Silverstein has given the defendants correspondence he had received with respect to his web site months ago, and will be giving them updates to that as well as the responses to the questionnaire next week--in time for them to use anything therein to meet this motion. It is unlikely that they will find much of use to them there, as all the survey responses show is that many of the respondents felt that the defendants should be punished with punitive damage awards.

However, that does not meet the standard of "hatred, ridicule or contempt" needed to show defamation. If it did, all parents who punish their children, all juries who award punitive damages, and all judges who punish parties for misconduct would be ipso facto acting out of improper motives--which cannot be presumed. There is an old saying "Hate the sin, love the sinner."

So long as the defendants' counterclaim is kept alive, the plaintiff is prevented from executing on the judgment the defendants agreed to, and can be forced, in order to get that execution, through the expense and delay of defending a libel counterclaim that can, after trial and appeal on the facts and issues that the Rule 68 offer and acceptance were designed to avoid having to litigate, provide the defendants with--at most--an award of nominal damages. The question that then arises is why they are doing this.

The answer was given in a proffered settlement agreement and a letter the next day that their counsel sent to Silverstein's counsel about week after the judgment entered on his claim: they want to make him enter into an agreement to remove from his web site all statements in support of his claims in the lawsuit, and his agreement not to voluntarily speak about his employment with MSI beyond stating the dates of his employment there, and what his job and duties were there, punishable by a private fine of $50,000 per violation.

The letter the next day called the draft agreement "open to negotiation" and explicitly used the term "penalty" in connection with the sanction for violations.
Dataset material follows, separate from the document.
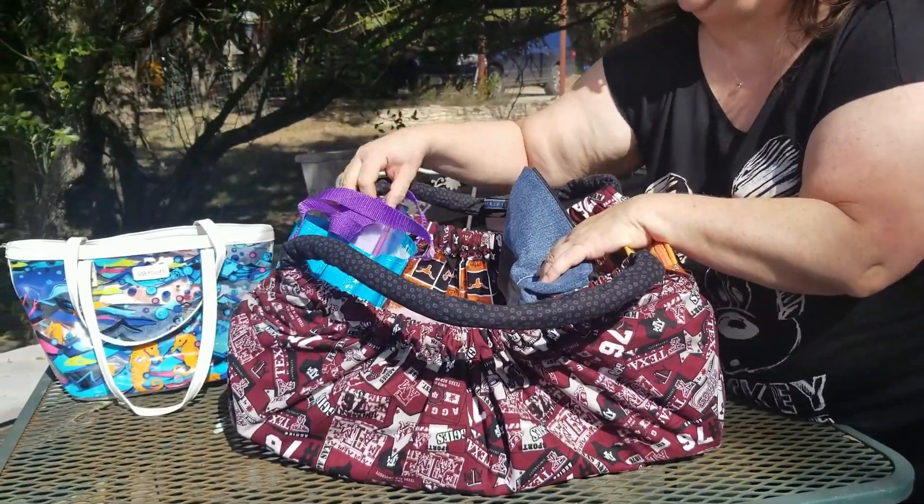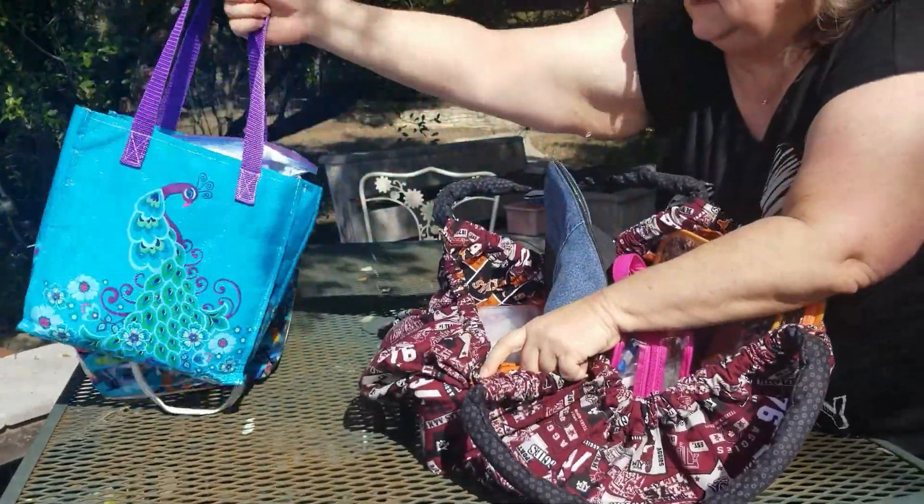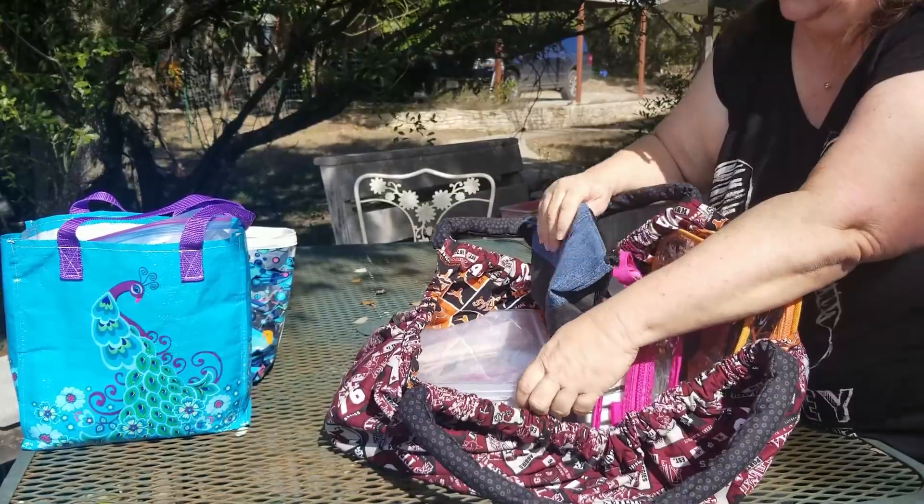We went to a show this past week. One of my favorite quilt shops did some demos, had a blast, and this is how I carried all my projects.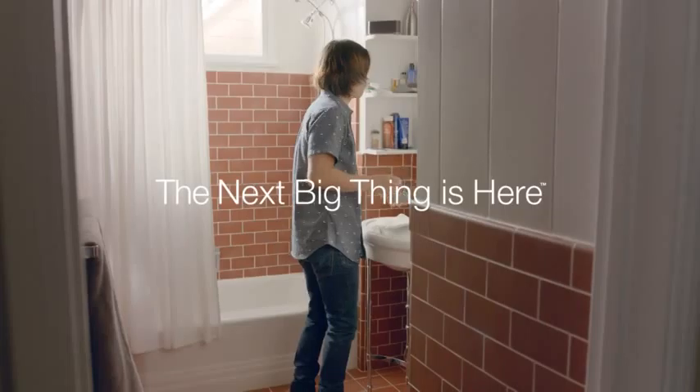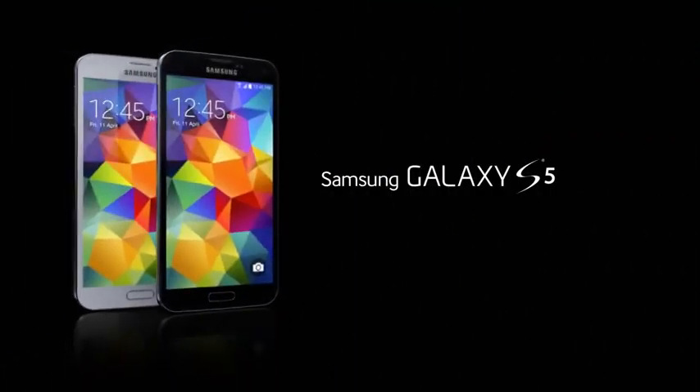Introducing the water-resistant Samsung Galaxy S5. The next big thing is here.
All the plaintiff would have to do would be say something the defendants objected to three times and he could end up owing them more than they had agreed to pay them.
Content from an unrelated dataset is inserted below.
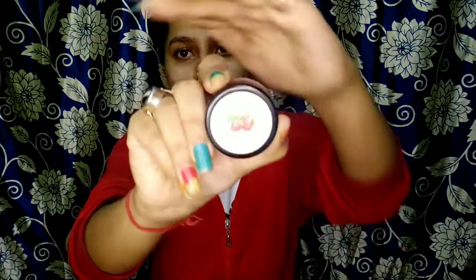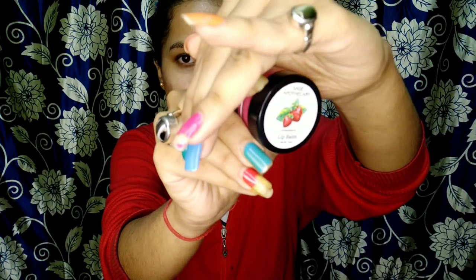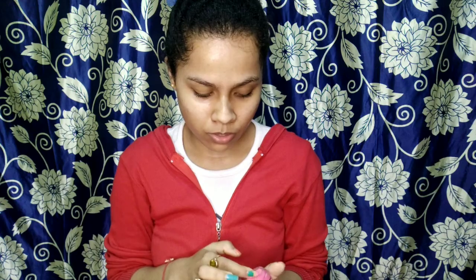I'll apply a little lip balm because after the lip scrub I didn't apply any. So I'm going to use this lip balm — this is Sage Apatokary Strawberry Lip Balm. I have been using this lip balm for many days. You can see I've finished a lot of it. This lip balm is good and lasts for a long time. And you can see my face glow — wow, really!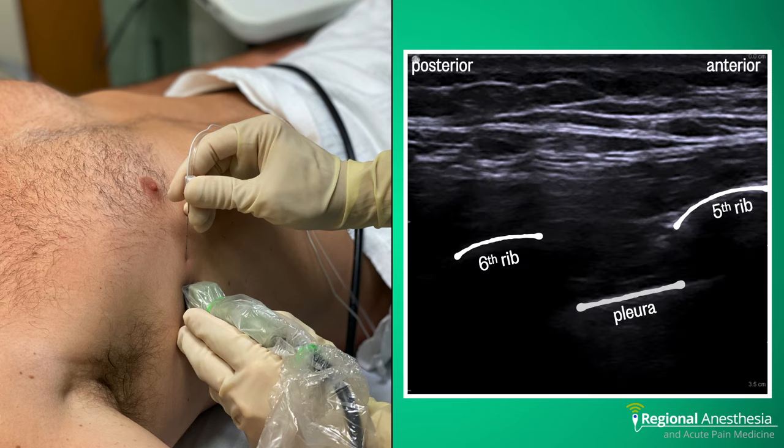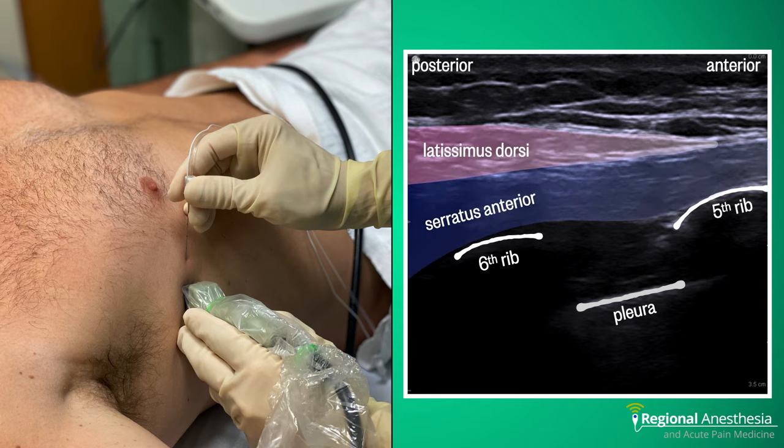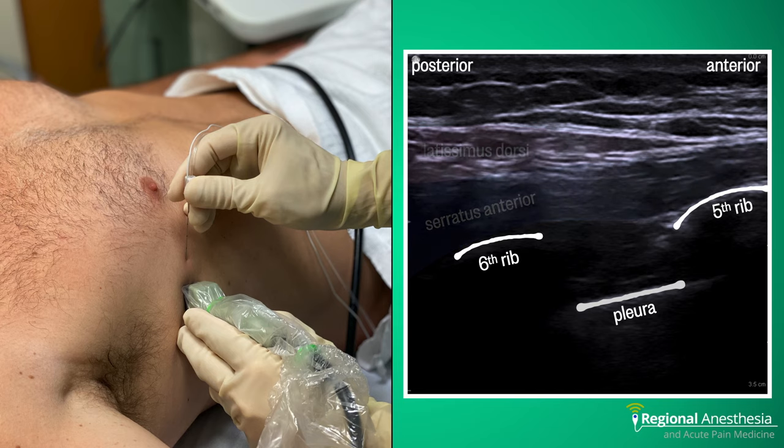Here's a typical sonogram for starting the serratus plane block. You should see the fifth and sixth ribs with the pleura sliding underneath. Immediately over the ribs, we find the serratus anterior muscle. Superficial to that is a wedge of latissimus dorsi. If you don't see the latissimus right off the bat, you probably aren't posterior enough — just translate your probe towards the bed and latissimus should come into view.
The impropriety of this becomes clear when it is recognized that injunctive relief is not available against defamation, only money damages, under the well-known authority of Near v. State of Minnesota, 376 U.S. 254, 279-280 (1964), which held unconstitutional under the First Amendment a state statute that had authorized injunctions against publication of defamatory material.

The defendants are thus trying to use their purported claim for damages to extract from the plaintiff--as the price of ending this lawsuit--his agreement to the functional equivalent of an injunction, knowing that they cannot obtain one by asking for one from a court. As such, it falls within the prohibition of malicious abuses of process, as the use of legal process for an ulterior purpose for which it was not designed or intended. (12)

It is not necessary to show that the counterclaim was groundless to find it to be an abuse of process, but such groundlessness is relevant to showing the ulterior motive, (13) although here that ulterior motive was communicated explicitly.

Finally, the statutes that the plaintiff sued under all prohibit retaliation against a party who exercises rights under them. Complaining of their violation is part of such exercise. Unlike England, where litigation takes place in secret until resolved, litigation in this country takes place in public except for the strongest showing of need. Speaking about one's complaints in public is a form of exercise of those rights, particularly as such speech may assist others in exercising their own rights. The plaintiff's web site has become a resource for other individuals who have suffered similar treatment from their own employers. The defendants wish to silence him, which is directly prohibited by the anti-retaliation provisions of those laws.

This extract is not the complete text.